As a 15-year-old at the 1966 British Empire and Commonwealth Games in Kingston, Jamaica, Steinbeck won a silver medal in the women's 4×110-yard freestyle relay. Swimming the first leg of the four-swimmer relay, she combined with teammates Janice Murphy, Lynette Bell and Marion Smith for a time of 4:11.1, three tenths of a second behind the world-record-setting Canadians, and two tenths ahead of the third-place English team. She also swam in the individual 220-yard backstroke, coming eighth in the event final.

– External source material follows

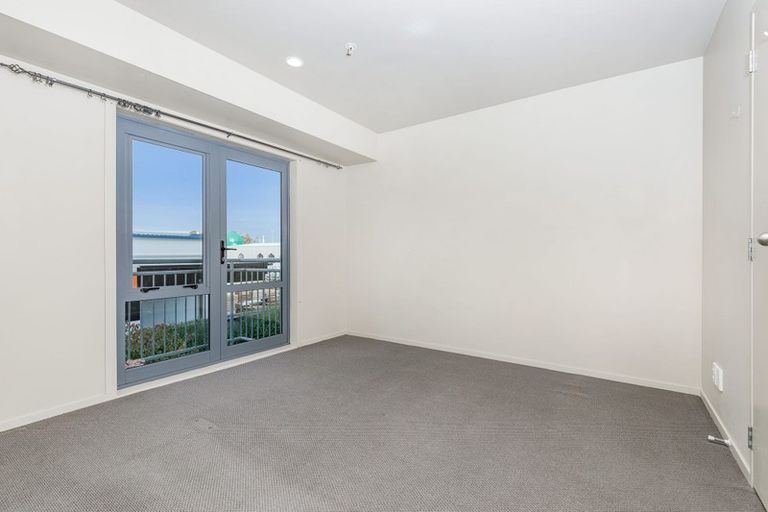Photo of property in 2o/10 Crown Lynn Place, New Lynn, Auckland, 0600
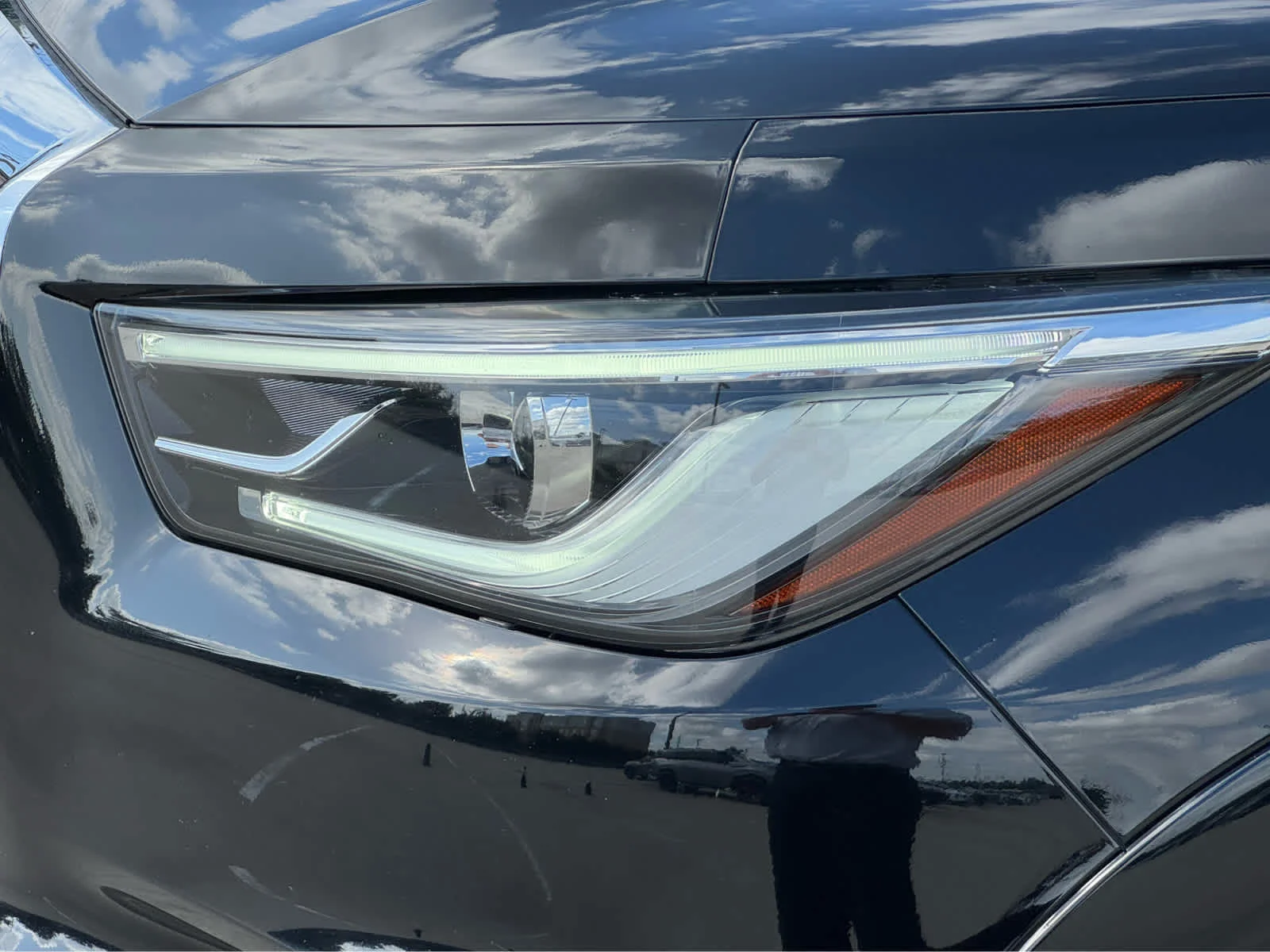Used 2020 Black Obsidian INFINITI LUXE image 9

At the 1968 Summer Olympics in Mexico City, Steinbeck won a silver medal as a member of the second-place Australian women's team in the 4×100-metre medley relay. She combined with Lynne Watson, Lyn McClements and Judy Playfair to register a silver medal in the 4×100-metre medley relay, trailing the Americans home by 1.7 seconds. However, it was in Steinbeck's freestyle anchor leg that American Susan Pedersen's used her 59.4-second individual split to solidify the Americans' 1.7-second margin of victory. She was also part of the Australian team that came fourth in the women's 4×100-metre freestyle relay. Individually, she competed in the semifinals of the 100-metre freestyle, and the preliminary heats of the 200-metre freestyle.

==See also==
- List of Olympic medalists in swimming (women)

==Bibliography==
- Andrews, Malcolm (2000). "Australia at the Olympic Games"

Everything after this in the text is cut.